Thanks for all the help so far.  This is truly confusing.

Regards,

Remillard

----------

## Remillard

I thought I'd throw this out there at the top of the list again, in case someone had some ideas.  I put the whole of apache2.conf and others up in the previous post.  Is there something quirky about them?

Remillard

----------

## Jazzer

Maybe it's just me, but why would you put "localhost" in the virtual host file?  "localhost" is defined by default (ie. root level DocumentRoot directive), try removing the localhost definition from your virtual host file.  Also, try adding a real IP address (instead of 127.0.0.1) for your virtual domain in the /etc/hosts file, I don't think virtual domains will work off the loopback interface.

On The Jazz

 :Very Happy: 

----------

## intgr

 *Jazzer wrote:*   

> Maybe it's just me, but why would you put "localhost" in the virtual host file?  "localhost" is defined by default (ie. root level DocumentRoot directive), try removing the localhost definition from your virtual host file.

 

All hosts are, if they aren't explicitly defined in a VirtualHost directive. And just to be a safe side, there shouldn't be any root level DocumentRoot directives on a VirtualHost server.

 *Jazzer wrote:*   

> Also, try adding a real IP address (instead of 127.0.0.1) for your virtual domain in the /etc/hosts file, I don't think virtual domains will work off the loopback interface.

 

Yes, they do work.

To Remillard:

Btw, didn't I solve this problem yesterday?
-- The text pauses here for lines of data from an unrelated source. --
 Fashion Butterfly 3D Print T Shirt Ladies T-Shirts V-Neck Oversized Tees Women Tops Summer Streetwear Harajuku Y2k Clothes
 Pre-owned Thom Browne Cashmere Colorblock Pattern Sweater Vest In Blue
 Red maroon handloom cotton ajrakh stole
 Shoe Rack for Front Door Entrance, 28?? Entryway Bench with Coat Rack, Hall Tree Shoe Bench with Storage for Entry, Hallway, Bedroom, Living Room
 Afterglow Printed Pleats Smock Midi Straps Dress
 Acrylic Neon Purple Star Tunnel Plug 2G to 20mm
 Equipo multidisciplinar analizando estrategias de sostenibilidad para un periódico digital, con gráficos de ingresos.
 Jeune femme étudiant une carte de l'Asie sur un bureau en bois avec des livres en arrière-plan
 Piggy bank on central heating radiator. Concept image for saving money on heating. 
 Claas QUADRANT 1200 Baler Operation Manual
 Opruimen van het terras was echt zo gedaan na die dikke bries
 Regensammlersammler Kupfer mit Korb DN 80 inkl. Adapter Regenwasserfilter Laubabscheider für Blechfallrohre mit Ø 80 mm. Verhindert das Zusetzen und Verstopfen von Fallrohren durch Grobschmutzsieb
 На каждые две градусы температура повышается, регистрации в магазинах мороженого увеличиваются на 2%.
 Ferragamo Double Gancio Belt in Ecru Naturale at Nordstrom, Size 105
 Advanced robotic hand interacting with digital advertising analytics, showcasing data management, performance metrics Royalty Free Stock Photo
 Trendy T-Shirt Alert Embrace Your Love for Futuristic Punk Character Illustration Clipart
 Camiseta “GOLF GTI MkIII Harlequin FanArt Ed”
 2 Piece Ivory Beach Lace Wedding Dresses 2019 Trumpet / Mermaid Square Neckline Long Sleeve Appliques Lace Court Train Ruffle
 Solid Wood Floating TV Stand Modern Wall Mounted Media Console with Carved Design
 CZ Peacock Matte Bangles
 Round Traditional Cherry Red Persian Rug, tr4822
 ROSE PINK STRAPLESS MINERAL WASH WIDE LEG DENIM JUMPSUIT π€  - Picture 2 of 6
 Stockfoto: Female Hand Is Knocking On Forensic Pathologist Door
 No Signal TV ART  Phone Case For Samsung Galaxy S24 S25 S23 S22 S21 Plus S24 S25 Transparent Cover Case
Did Jazzer just bring up an old thread?  :Smile: 

----------

## Remillard

Yeah, this was my original thread.  While it was growing stale I was doing more debug and came up with the 2nd post  :Smile: .

----------

## toniocartonio

just a quick observation... (and maybe i am saying a lot of bullshit  :Rolling Eyes:  )

you are trying to create a virtual host on /var/www/domain, but on apache2.conf you tell apache that the document root is /var/www/localhost/htdocs ... maybe it is related to that? maybe you need to put the document root to /var/www for that to work...

----------

## intgr

To: toniocartonio

Sorry, this problem has already been solved in this thread.  :Smile: 

----------